いや!自分の中だけで納めてくれ!頼むから!



俺は男とどうこうなりたくなんかないんだよ!



青蘭の手が俺に触れるその瞬間俺は立ち上がった。





「俺は女が好きだから!!!」




大声で叫んだ俺に青蘭は目を丸くした。



「え、ええ…。私も女性は好きです…。」


つられて言った青蘭の言葉に、「へ?」と顔を向けると、状況を理解したのか青蘭はその場に踞りながら笑いだした。



俺は何を大事なところも隠さず、宣言してんだ…。


我に還り途端に恥ずかしくなった俺は今だに笑い続ける青蘭の背中を取り敢えず蹴っていた。



「イタッ!痛いですよクククッ!!灑崋殿。」


「うるせーな!いつまで笑ってんだよ!!」



尚も笑い続ける青蘭に痺れを切らせた俺は、がに股で湯船に勢いよく入り、背中を向けた。

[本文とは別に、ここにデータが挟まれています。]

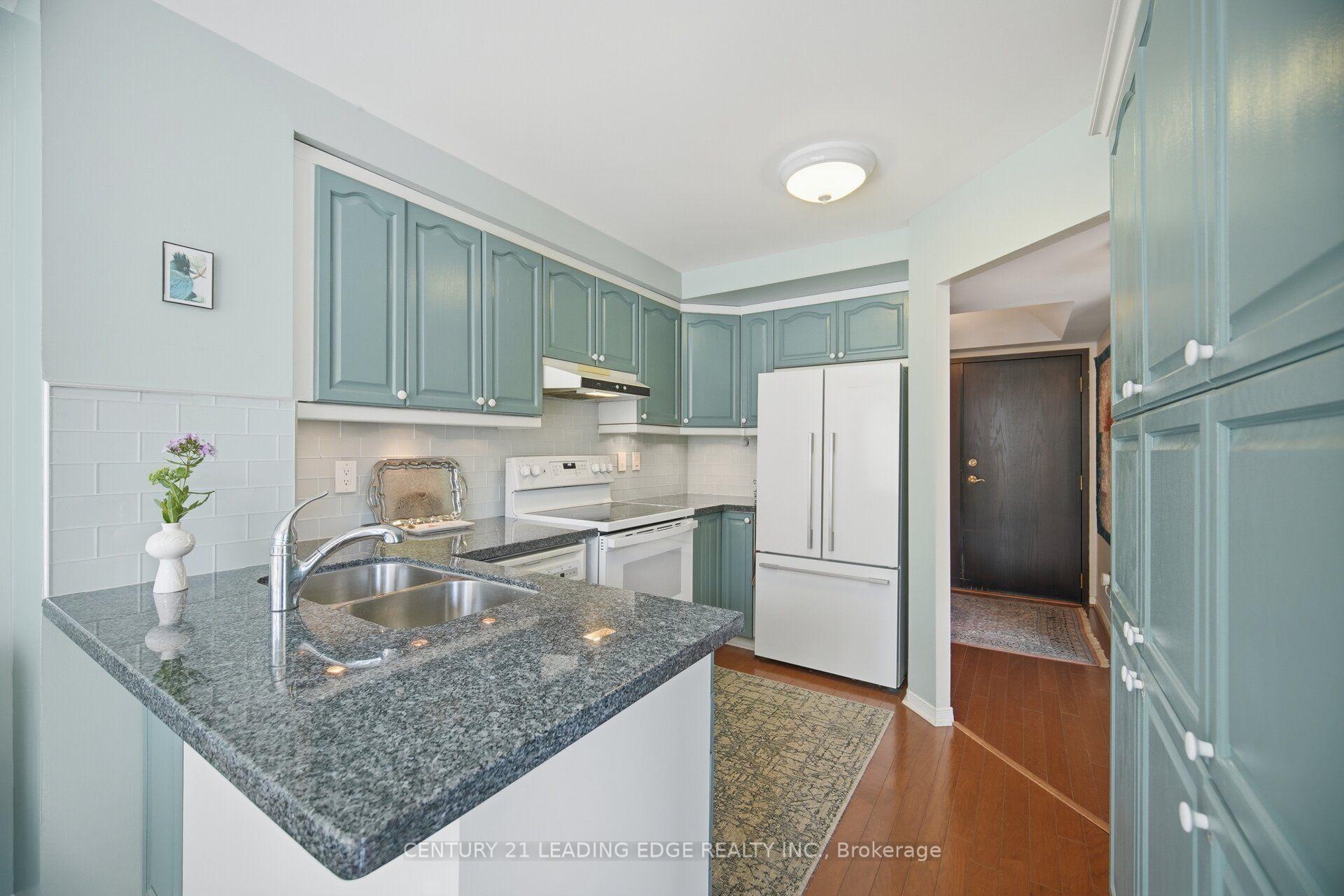 Photo 10 of Unit 202, 1700 The Collegeway Way, Mississauga, Erin Mills — HOMEH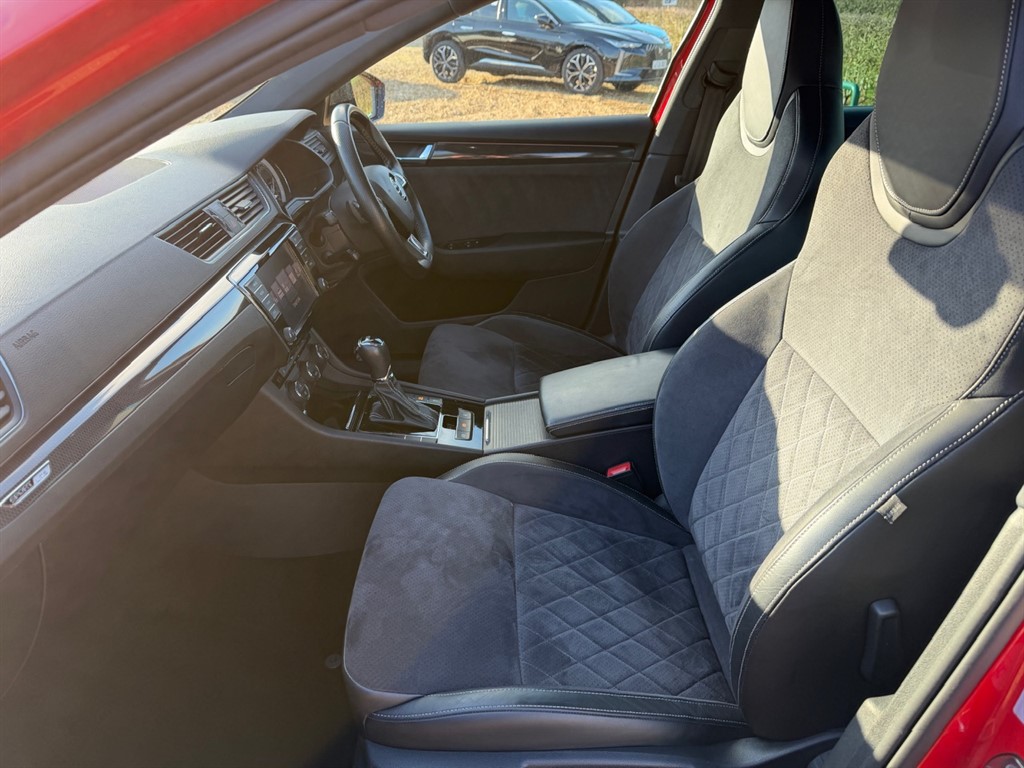 Used Skoda Superb 2017 for sale - 77256637: Photo 53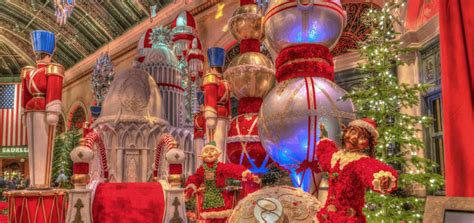 The Ultimate Guide To Christmas Decorations In Las Vegas Hotels Malls And More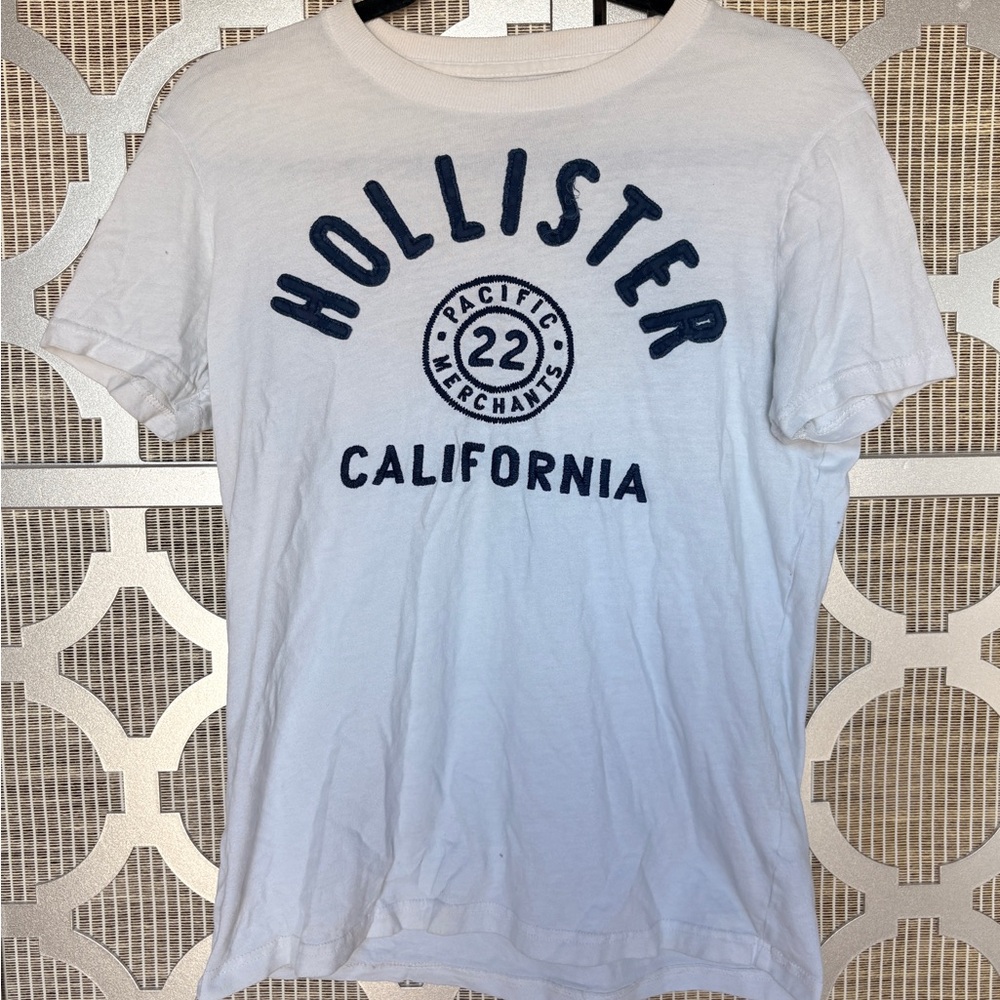 Hollister White Graphic T-Shirt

やっと、笑い終わったのか、奴は俺の方を向いて笑い過ぎて出た涙を拭いていた。



「んだよ。用が無いなら出ていけ。変人。」


「いえ、お話したいことがありましたので、こちらに参ったのです。」



急に真剣な声色になった青蘭に俺は仕方なく奴の方へ振り返った。



「何。話したいことって。」


「私は筆頭宦官で後宮のお世話をさせてもらっている傍ら、呪術にも精通しているのです。」



呪術…って…よくそういうのは分からないけど、呪術なんて必要なのか?


「勿論、呪術は趣味で行っております。」


「趣味なのかよ!」



普通に王様に命令されてやってるのかと思ったわ!



「呪術の修行のため、毎日占いをしており、灑崋殿が男であることもそれで分かったのです。」


「へーマジか…すげぇな…。」


そんな特別な能力修行したら手に入るもんなのか?


でも、実際俺が男とバレてたわけだしあながち嘘では無いのかも知れないけど…。



「それで?俺に何が言いたいわけ?」


「今から一年と数ヶ月前の即位式の日、私は未来の凱華国について、占いました。」


「……。」


「そのときに出た結果を信頼の出来ると判断した相手にのみ告げようと思ったのです。」


「………つまり、俺の事を信頼したってわけ?」


「はい、鈴妃さまが信頼をおく貴方さまだから私も信頼し、この事をお話しようと思ったのです。」



鈴妃が信頼をおくって……、なんで鈴妃が関わってくるんだよ……。





「あと二年で、この秋煌帝の納める時代は終わりを告げます。」





湯殿に木霊する、その言葉に俺は何も言えず、固まってしまった。